When people get sick even tired, they usually go to a doctor or hospital to check their status of health. Usually, the doctor give some diagnostics to knowing the disease that the patient suffer. It is sounds so easy, but did you know that there are some rare genetic diseases that very hard to diagnose? The latest diagnostics takes months, even years to know the diseases that comes up with title rare genetic diseases. Of course, this is becomes a big problem for people who scared with those diseases.

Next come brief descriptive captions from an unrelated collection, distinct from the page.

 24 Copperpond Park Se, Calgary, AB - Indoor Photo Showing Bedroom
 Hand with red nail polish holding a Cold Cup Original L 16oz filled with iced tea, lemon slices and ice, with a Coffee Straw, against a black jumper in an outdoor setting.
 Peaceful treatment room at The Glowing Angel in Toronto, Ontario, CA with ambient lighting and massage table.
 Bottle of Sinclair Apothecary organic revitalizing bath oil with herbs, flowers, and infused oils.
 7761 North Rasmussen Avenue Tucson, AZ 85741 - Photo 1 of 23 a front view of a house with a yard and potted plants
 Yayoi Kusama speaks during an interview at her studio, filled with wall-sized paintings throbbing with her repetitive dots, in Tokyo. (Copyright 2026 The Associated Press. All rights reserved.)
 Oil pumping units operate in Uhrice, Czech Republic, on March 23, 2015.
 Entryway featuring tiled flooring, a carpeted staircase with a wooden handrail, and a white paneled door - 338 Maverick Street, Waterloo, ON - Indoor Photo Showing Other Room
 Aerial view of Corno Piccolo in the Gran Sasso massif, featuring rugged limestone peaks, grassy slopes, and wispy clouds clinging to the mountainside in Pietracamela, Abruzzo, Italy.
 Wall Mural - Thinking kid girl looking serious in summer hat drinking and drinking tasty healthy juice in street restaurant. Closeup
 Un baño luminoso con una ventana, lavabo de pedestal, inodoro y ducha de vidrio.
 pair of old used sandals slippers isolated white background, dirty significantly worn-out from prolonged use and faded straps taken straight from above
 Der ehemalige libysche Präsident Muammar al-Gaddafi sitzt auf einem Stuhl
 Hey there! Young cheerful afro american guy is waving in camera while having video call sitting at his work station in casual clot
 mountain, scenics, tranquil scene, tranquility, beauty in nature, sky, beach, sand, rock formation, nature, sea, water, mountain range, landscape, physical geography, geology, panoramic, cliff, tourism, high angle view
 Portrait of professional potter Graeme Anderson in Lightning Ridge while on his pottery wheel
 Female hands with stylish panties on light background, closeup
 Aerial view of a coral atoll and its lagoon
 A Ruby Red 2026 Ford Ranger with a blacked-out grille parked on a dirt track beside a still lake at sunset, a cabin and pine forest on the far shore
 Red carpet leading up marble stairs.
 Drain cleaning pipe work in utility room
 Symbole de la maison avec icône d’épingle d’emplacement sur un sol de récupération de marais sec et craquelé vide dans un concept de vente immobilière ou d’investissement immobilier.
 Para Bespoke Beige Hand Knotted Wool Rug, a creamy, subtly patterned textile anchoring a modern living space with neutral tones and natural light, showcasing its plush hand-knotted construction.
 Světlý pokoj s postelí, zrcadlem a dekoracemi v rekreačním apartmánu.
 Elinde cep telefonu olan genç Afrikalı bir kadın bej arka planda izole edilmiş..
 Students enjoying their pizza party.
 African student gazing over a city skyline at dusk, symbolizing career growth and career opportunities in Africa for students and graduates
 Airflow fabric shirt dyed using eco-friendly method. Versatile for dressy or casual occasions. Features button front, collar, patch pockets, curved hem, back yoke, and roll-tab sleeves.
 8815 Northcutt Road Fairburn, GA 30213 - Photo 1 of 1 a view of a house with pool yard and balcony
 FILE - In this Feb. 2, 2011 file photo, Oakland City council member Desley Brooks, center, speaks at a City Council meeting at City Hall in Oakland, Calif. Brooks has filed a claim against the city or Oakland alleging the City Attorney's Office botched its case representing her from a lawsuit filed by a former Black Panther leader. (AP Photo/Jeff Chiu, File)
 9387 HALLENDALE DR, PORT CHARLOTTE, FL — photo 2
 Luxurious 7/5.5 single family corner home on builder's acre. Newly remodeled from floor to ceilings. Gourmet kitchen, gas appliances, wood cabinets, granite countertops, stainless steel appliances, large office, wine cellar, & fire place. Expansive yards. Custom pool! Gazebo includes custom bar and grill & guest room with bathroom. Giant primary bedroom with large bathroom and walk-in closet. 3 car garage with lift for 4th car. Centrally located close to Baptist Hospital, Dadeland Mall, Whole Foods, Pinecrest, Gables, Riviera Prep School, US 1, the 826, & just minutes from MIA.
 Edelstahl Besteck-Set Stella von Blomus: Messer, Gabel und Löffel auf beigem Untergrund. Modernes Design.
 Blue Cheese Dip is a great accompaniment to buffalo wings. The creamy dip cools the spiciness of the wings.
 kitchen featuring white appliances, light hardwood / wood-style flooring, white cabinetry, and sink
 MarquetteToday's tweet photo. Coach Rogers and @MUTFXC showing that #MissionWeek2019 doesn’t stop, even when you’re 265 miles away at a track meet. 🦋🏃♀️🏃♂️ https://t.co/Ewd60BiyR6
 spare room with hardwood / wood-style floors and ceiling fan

Nowadays, many researchers from the University of Washington found the way to speed up the process, so it will not takes months or years again to the lastest diagnostics. The researchers team suggested to examine the 2% of the whole portions of the disease. And it means, about examining the exome, or the portion of the genome containing our 20.000 to 25.000 protein coding genes. But, it not means that the latest diagnostics will going perfectly. It may contains of errors that called as Miller Syndrome. It also needs to prove the theory by locating in the exome the gene for that rare diseases. By this facts, it means that the researchers and scientists still need to find the other rare genetic mutation quickly and cheaper than before.